CSF Inflammation Markers Associated with Asymptomatic Viral Escape in Cerebrospinal Fluid of HIV-Positive Individuals on Antiretroviral Therapy

Abstract

HIV establishes a viral reservoir in the CNS despite viral suppression in the blood on antiretroviral therapy (ART). In a minority of people with HIV (PWH), HIV RNA is detectable in CSF when HIV RNA in plasma is undetectable or HIV RNA levels are higher in CSF compared with plasma, an event termed CSF viral escape that can occur with or without neurological symptoms. Asymptomatic CSF viral escape occurs in 3–20% of PWH on ART, yet associated biomarkers are unclear. To identify biomarkers associated with asymptomatic CSF viral escape, we performed a matched group study of PWH on ART with vs. without CSF viral escape (n = 10 and n = 60, respectively, matched for age, duration of HIV infection, nadir CD4 count, and ART regimen) and 50 HIV-negative controls. PWH were on 3 or more ART drugs for >1 year, and the group with no CSF viral escape was suppressed below 50 copies/mL in plasma and CSF. Biomarkers of inflammation (IFN-γ, IL-1β, IL-6, IL-8, IL-15, IP-10, MCP-1, VEGF), cell adhesion (ICAM-1, VCAM-1), CNS injury (NFL), and glial activation (GFAP, YKL-40) were measured in paired plasma and CSF using the Meso Scale Discovery platform. PWH with vs. without CSF viral escape had more individuals (40%) with a plasma viral load (VL) > 50 copies/mL, higher CSF VL (median 156 vs. 40 copies/mL; p < 0.0001), lower CD4 count (318 vs. 512; p = 0.045), and higher CSF WBC (median [IQR] 4 [0–22] vs. 2 [0–4] cells/µL; p = 0.15) but similar proportions with HIV-associated neurocognitive disorders (HAND) (50% vs. 47%).
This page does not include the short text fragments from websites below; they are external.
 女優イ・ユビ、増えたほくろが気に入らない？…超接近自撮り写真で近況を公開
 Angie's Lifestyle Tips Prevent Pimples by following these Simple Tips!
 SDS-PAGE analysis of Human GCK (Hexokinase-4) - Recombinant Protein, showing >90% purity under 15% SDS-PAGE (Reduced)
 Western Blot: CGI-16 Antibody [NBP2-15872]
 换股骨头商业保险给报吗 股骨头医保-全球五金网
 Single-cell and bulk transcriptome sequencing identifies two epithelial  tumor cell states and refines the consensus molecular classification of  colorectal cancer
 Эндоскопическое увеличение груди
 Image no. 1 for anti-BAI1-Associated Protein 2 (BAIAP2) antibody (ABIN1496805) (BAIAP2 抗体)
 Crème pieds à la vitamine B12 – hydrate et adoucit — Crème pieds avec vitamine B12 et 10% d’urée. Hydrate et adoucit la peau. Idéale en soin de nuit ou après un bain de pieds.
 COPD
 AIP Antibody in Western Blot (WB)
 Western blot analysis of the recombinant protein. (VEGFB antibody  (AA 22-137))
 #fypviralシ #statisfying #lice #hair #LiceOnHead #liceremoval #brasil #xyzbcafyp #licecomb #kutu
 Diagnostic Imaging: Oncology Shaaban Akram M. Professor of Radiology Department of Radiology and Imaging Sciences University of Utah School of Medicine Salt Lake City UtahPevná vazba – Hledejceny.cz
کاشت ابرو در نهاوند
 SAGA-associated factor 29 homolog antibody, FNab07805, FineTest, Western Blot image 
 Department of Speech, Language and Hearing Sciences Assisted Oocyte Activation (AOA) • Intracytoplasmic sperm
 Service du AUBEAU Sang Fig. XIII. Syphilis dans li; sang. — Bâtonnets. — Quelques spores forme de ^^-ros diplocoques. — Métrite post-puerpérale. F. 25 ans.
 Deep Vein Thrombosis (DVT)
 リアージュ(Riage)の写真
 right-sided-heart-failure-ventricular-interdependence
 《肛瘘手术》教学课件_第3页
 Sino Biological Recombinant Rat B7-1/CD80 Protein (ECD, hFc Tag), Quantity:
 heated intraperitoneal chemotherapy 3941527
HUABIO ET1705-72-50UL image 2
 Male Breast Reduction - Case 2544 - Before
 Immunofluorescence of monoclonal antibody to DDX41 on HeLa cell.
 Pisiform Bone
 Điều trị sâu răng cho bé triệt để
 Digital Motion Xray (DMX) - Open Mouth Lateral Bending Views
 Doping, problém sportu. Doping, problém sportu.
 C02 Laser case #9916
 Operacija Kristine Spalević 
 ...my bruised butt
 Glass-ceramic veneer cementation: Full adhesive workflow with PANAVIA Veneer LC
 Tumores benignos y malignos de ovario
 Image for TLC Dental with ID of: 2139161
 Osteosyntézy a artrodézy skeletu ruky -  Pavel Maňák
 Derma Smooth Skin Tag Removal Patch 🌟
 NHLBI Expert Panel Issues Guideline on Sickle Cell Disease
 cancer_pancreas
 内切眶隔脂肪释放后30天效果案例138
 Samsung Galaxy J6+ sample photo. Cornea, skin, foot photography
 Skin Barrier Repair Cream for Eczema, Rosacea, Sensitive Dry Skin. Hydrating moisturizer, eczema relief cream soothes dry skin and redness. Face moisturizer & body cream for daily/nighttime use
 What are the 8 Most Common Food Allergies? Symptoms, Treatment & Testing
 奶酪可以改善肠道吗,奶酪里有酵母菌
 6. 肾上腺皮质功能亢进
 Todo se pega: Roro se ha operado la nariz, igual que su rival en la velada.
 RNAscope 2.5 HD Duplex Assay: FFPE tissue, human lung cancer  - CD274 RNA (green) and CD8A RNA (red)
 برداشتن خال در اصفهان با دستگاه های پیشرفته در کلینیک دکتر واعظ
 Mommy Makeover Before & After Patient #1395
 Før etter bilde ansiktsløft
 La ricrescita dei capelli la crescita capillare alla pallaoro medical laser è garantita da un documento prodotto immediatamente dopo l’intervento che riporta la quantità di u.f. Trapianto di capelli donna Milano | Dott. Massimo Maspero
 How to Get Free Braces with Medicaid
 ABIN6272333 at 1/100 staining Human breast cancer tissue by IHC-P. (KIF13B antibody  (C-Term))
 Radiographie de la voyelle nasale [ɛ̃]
CSF viral escape was associated with increased IL-1β, IFN-γ, IP-10, ICAM-1, and VCAM-1 in CSF but not plasma; IP-10 had the strongest association (p = 0.0008). CSF VL and WBC correlated with IFN-γ, IP-10, ICAM-1, and VCAM-1 (p < 0.05). Although markers of CNS injury showed no significant association with asymptomatic CSF viral escape, CSF YKL-40 correlated positively with CSF IL-1β (p = 0.003), IFN-γ (p = 0.0008), IP-10 (p < 0.0001), and NFL (p = 0.06) and negatively with neurocognitive T scores (p = 0.02). These findings identify CSF inflammation and glial activation markers that may serve as surrogate measures of HIV persistence in the CNS for future studies on therapeutics targeting the CNS reservoir.